My first amp was one of those cheap late 60's or early 70's made of fiberboard. One knob. I got it from my next door neighbor when I was 11. I bough a Tiesco Del Rey guitar from him and he threw the amp in. My folks were against buying an electric guitar to start with, but that's what I wanted. My dad already had an old J-45 acoustic so I already knew that wasn't for me. I remember walking to the drugstore to buy Black Diamond strings for the thing. Kept them on until I broke one. After they saw that I was serious about learning to play, they took me to the local music store and bought me a Kustom Lead 1 amp. I really thought I was big time then.


----------



## RachelMorgan

I started with a Peavey Rage 258. It was part of my starter set. I have nothing left from it except a souvenier of my first pedal that's in a box -- a Danelectro Mini Black Coffee, which some day I'm going to take apart and figure out if there is a way of making it into something useable with a clean amp. I had it for 6 weeks and a friend of mine talked me into buying her Fender Deville. From there I went to a Marshall Vintage Modern, but found it wasn't suited to my style (higher gain type with channel switching) and swapped it for a JVM which I've got and I'm quite happy with.


----------



## bosrocker51

lpaholic59Don said:


> My first amp I got from my second guitar teacher, Pete Kennedy( of the Kennedy's- NOT Dead Kennedy's) had just gotten my Les Paul I busted my butt all summer for and wanted a decent amp, preferbly tubes , Asked Pete if he knew anyone selling an affordable tube amp, and he told me he'd sell my his 64' Deluxe Reverb , I was like Ah Man that thing is prolly worth as much as my Les Paul ! and he said no reverb pan, non orginal speaker ( this was 74) Said he'd sell it for $150 to me, I went and practically begged my mom for it, told her what it was worth , ect, She just said" I'll talk to Pete" Welp that amp was under or infront of, Our Christmas Tree and I had it for 29 Years, Speaker was replaced twice, only went to two service techs in that time it was strangly much louder than any other Deluxe I put it next to , Pete had bought it second hand in 65, along with his Strat I miss that amp incredibly lived over 24 of its years with me, without a reverb pan, just sounded THAT good



wow - what a great story. thanks for posting it...

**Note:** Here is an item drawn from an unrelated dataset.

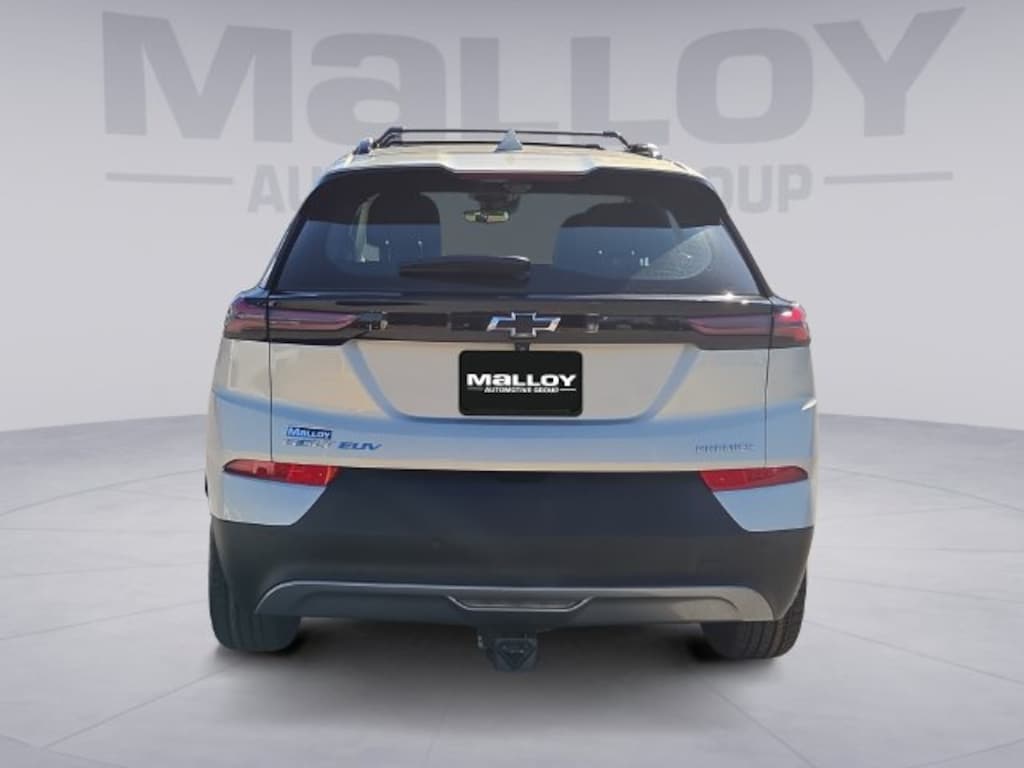 Used 2022 Chevrolet Bolt EUV Premier SUV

My first amp was a solid stater that sounded really nice into a hand made lightweight cab w 2-12's. That was followed by a Silvertone with 6-10" Jensens. Tons of punch, a great sound, but the worst reverb in the world...


----------



## poeman33

The first amp I played were my older brothers, as he had the guitar, but never really played much. Some really cheap no name thing with about 1 watt I think...so quite. The first amp I owned was a Fender Twin. I was 16 and had my parents co-sign for a loan to buy it mint used for $600.00. It sounded great when I tried it out because the guy had it cranked. I never got the chance to play it that loud again and it was just too clean played quiet. I could never turn it up at home. (no wonder I moved out when I was 17) And even when I started playing in later on, I could rarely play it loud enough to get a good sound out of it, so I sold it for even less. I can't believe what they get for them now, and I wish I still had it, just for the clean sounds..and I would have a power brake now.


----------



## mike sicowitz

Dude,
We all made mistakes, I traded a 72 thinline for a Gibson L6. Check out what a 72 thinline is worth today--it's a healthy down payment on a house. As for the twins, we had the same problems in my early bands. Ya, they sounded great in the hands of some guy who knew pedals and put a drain on the head. Around here that meant getting an Eros 4x15 cab, they were made by a guy in Waukesha, just down the road about 10 miles, if that sounds familiar it's because Les Paul grew up there, and we are all proud of that guy. Back to your story, we had the same problems with the early Marshalls. My best friend, still is, went with a 100 watt Marshall head and two 60 cabs, a real stack. It was the best they made, my friend was 14 yrs old, had the stack and a 58 Les Paul, his dad was a doctor with bread, and it sounded bad. So what do you do when you have the very best and it sounds really bad? Well, we all went smaller so we could load our heads. Same cabs, smaller heads, and it worked. I came into some bread myself a few years ago and started to collect the old stuff. I passed on the twin because I have nowhere to play that loud. I did score a Musicman 2x12 HD 130--even more clean than the twin. But I did it for memories of seeing that thing on stage everynight in the late 70s. Look at it this way, at least we were lucky enough to have good stuff which helped a lot to become better musicians. But sometimes it hurts real bad when we think of the stuff we traded or sold. In the end, we are much smarter at buying things and people should listen to our advise. Great question I think about often. Those old amps were great and we had fun. Thanks for the memories. Mike Sicowitz


----------



## lerxst88

my first amp was a Crate 15 watter. and i was only 10 at the time and i had been playing through my dads old music man 65. i remember the first thing i thought about it was that "it warms up really fast" since i used to plug into the music man and strum open strings till the tubes came to life. i also loved the distortion on the crate since the music man was basically a fender and didnt have any crunchy distortion. i actually used to use a wah pedal in the treble position to get distortion out of the music man. anyone else ever done something like that?


----------



## guitarweasel

My first amp a a Sears Piggyback, the one where the head stored in the cabinet.......But, my first GOOD amp was a Sunn Sceptre with a 6x12 cab. That thing was a killer!


----------



## ashleypier

these are some great stories, keep em coming


----------



## maxime1122

My first amp was a Marshall Valvestate 15 watts... No so bad for new guitar player ...


----------



## Urthman

My "first" was a Peavey Backstage 110. I loved it and thought it was the greatest thing ever (when I was 13) and then I realized how wimpy it sounded compared to my friend's Marshall. So...I bought a 4x12 cabinet and powered the cabinet with the Peavey! Looking back now I realize how dumb it was, but it worked and I didn't have enough cash for a head too. I actually ran that setup for about a year before moving up in the world to a Crate half stack...can't remember the model #...CH something...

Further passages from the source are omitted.